■ Exercise description ■
If pictures appear in the lines below, skip them and copy exactly the lines from the one containing "Free Shipping For" through the one containing "Sterling Silver and", and nothing else.

■ Extracted material ■
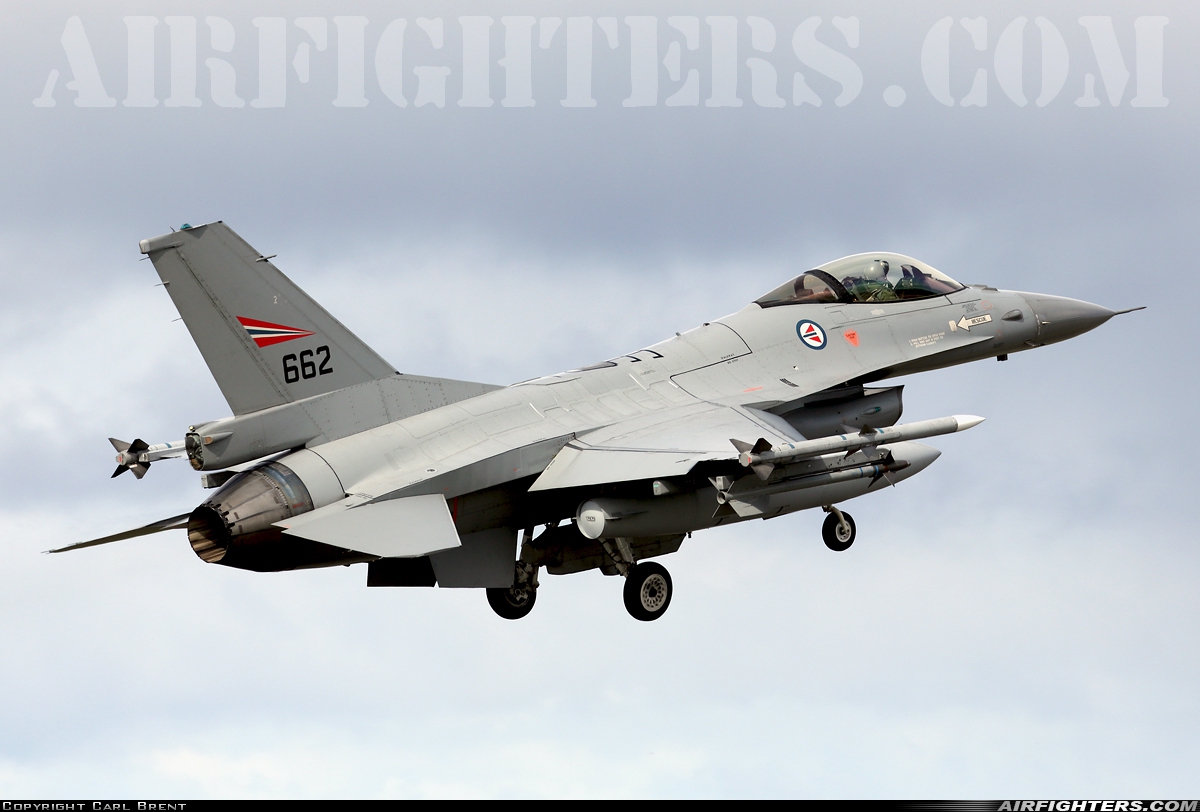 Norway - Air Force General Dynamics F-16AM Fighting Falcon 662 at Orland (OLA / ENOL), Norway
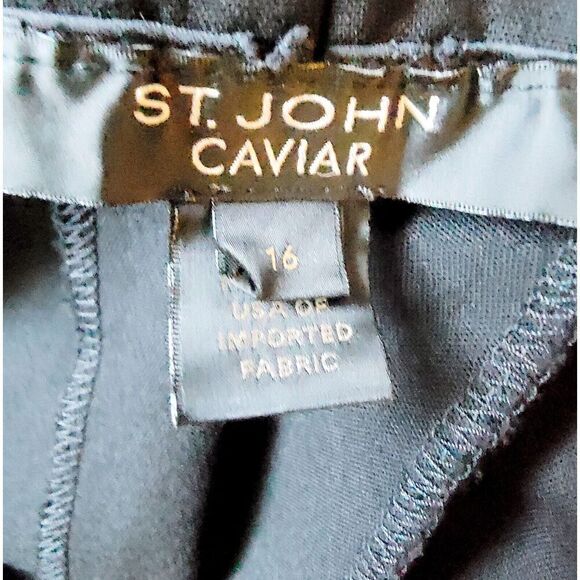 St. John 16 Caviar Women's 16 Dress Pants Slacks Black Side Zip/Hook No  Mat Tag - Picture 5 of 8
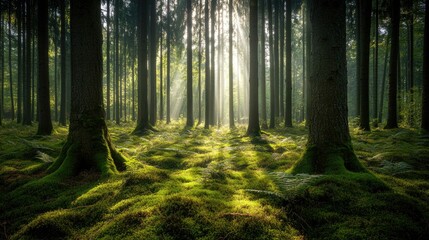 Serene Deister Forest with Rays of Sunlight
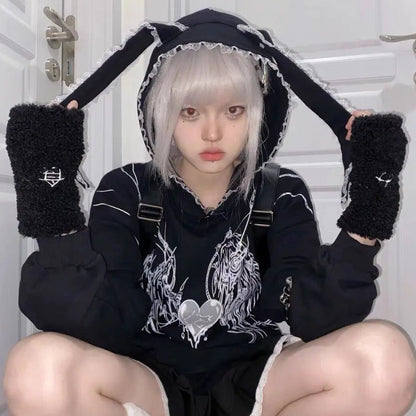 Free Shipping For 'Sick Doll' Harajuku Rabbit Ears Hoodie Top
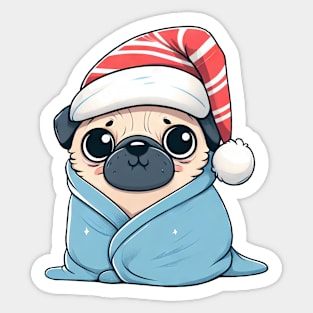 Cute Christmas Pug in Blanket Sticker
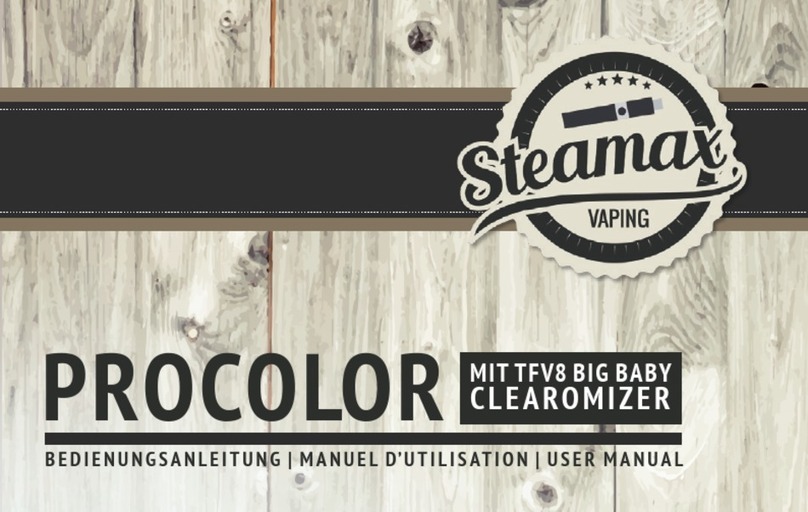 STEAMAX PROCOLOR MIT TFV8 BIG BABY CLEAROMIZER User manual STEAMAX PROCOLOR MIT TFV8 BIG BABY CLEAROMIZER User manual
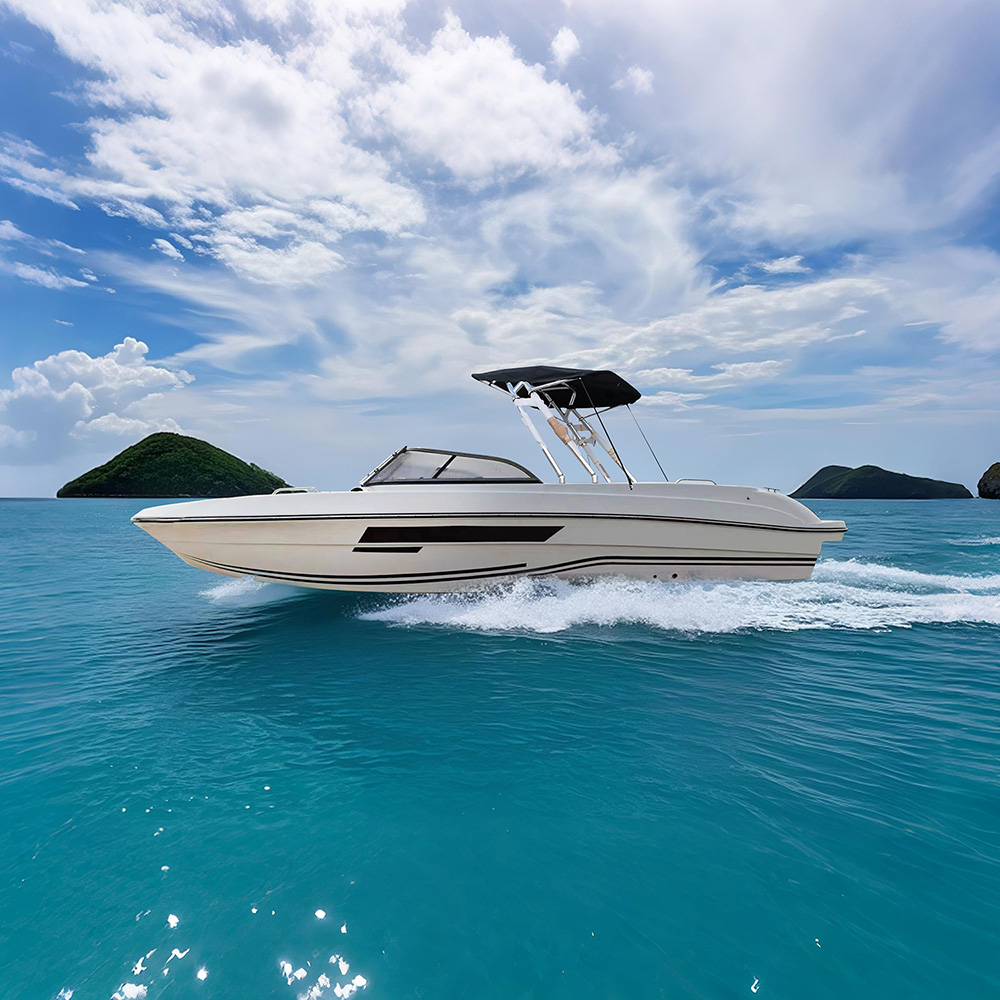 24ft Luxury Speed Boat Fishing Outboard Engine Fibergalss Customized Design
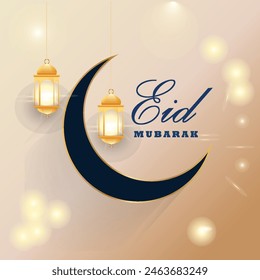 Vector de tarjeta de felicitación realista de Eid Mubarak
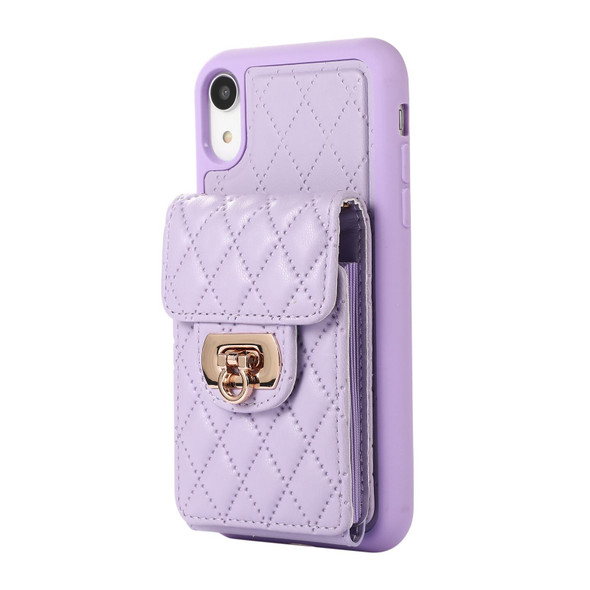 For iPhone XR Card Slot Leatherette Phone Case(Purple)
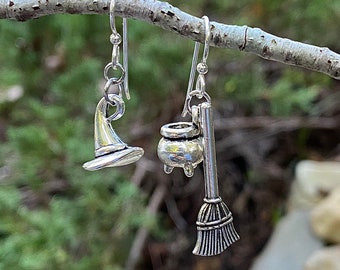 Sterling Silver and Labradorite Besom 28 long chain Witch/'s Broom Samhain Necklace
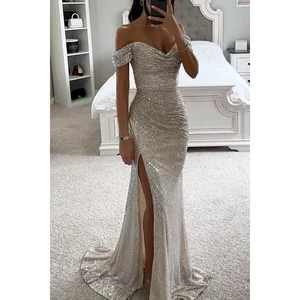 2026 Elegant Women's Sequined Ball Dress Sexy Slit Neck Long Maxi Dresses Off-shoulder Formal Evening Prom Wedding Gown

■ Answer box ■
 Free Shipping For 'Sick Doll' Harajuku Rabbit Ears Hoodie Top
 Cute Christmas Pug in Blanket Sticker
 STEAMAX PROCOLOR MIT TFV8 BIG BABY CLEAROMIZER User manual STEAMAX PROCOLOR MIT TFV8 BIG BABY CLEAROMIZER User manual
 24ft Luxury Speed Boat Fishing Outboard Engine Fibergalss Customized Design
 Vector de tarjeta de felicitación realista de Eid Mubarak
 For iPhone XR Card Slot Leatherette Phone Case(Purple)
 Sterling Silver and Labradorite Besom 28 long chain Witch/'s Broom Samhain Necklace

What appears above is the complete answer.